Your job is to print, exactly, the lines in the data below from the line with "Blomus CALMA Windlicht" through the line with "CAS 1071004-61-9 |", both included, and to omit any picture.
Task material below:
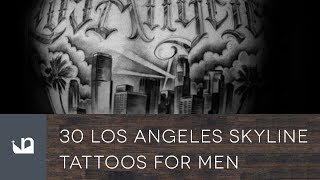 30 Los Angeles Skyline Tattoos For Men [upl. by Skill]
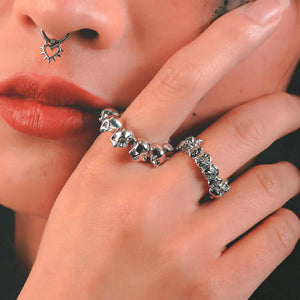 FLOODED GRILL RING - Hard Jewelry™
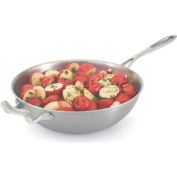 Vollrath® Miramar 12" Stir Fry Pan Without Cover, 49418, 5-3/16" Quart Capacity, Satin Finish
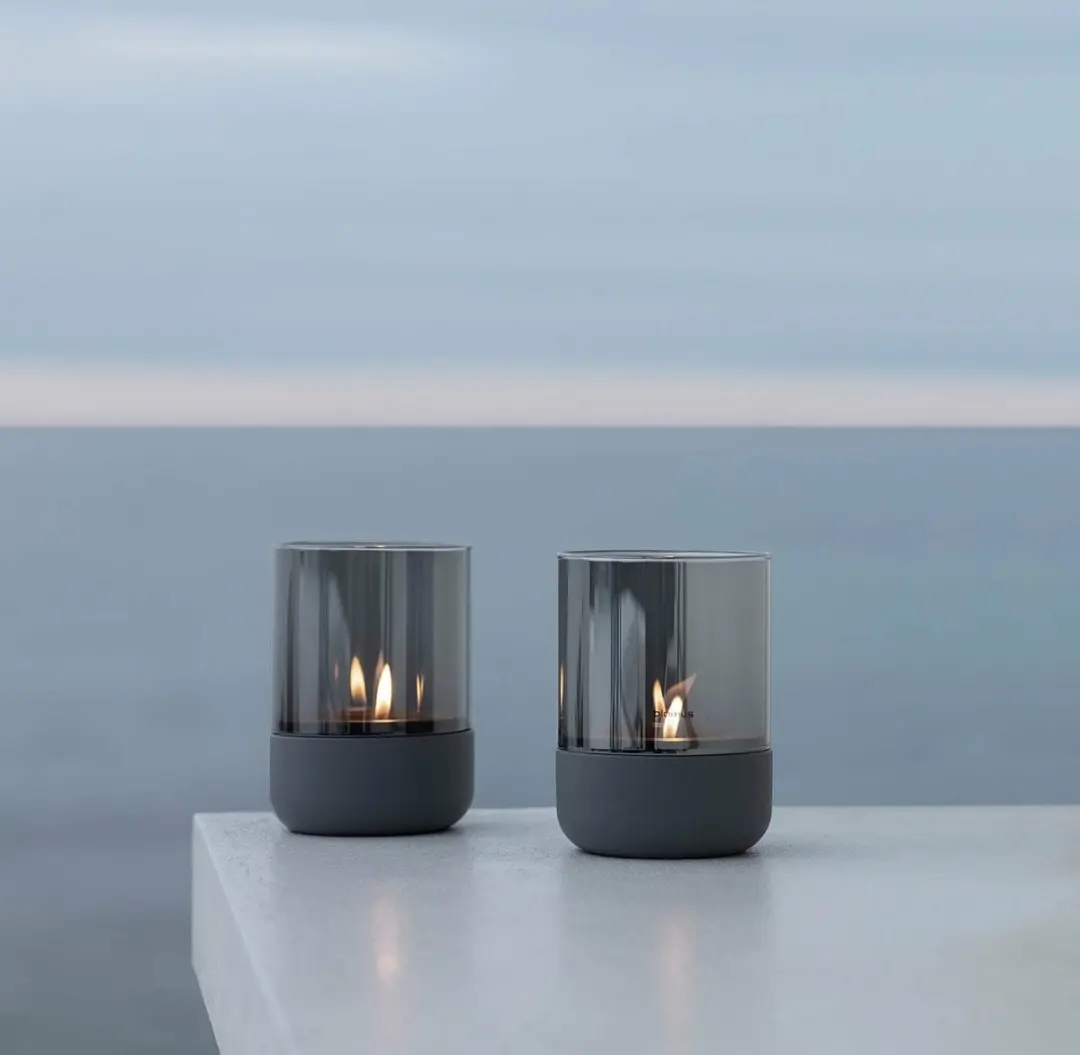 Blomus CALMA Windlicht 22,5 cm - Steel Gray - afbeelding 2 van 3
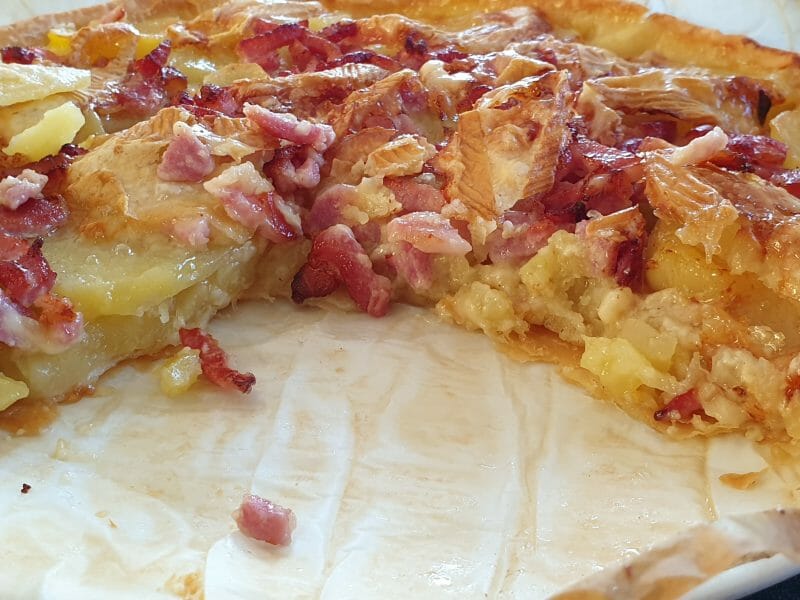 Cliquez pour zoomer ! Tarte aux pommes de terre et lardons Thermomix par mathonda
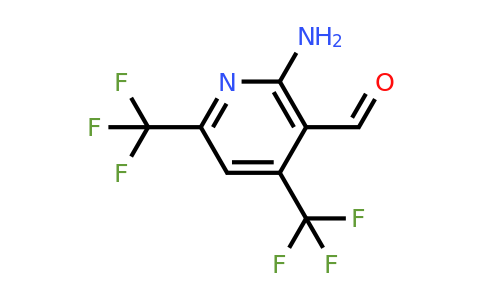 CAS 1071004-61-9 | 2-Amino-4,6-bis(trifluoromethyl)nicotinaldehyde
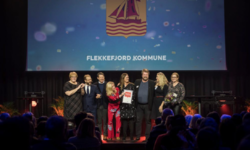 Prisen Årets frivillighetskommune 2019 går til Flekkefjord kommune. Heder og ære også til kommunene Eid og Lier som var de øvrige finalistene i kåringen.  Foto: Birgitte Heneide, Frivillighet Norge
End of Task material.
Exercise solution
 Blomus CALMA Windlicht 22,5 cm - Steel Gray - afbeelding 2 van 3
 Cliquez pour zoomer ! Tarte aux pommes de terre et lardons Thermomix par mathonda
 CAS 1071004-61-9 | 2-Amino-4,6-bis(trifluoromethyl)nicotinaldehyde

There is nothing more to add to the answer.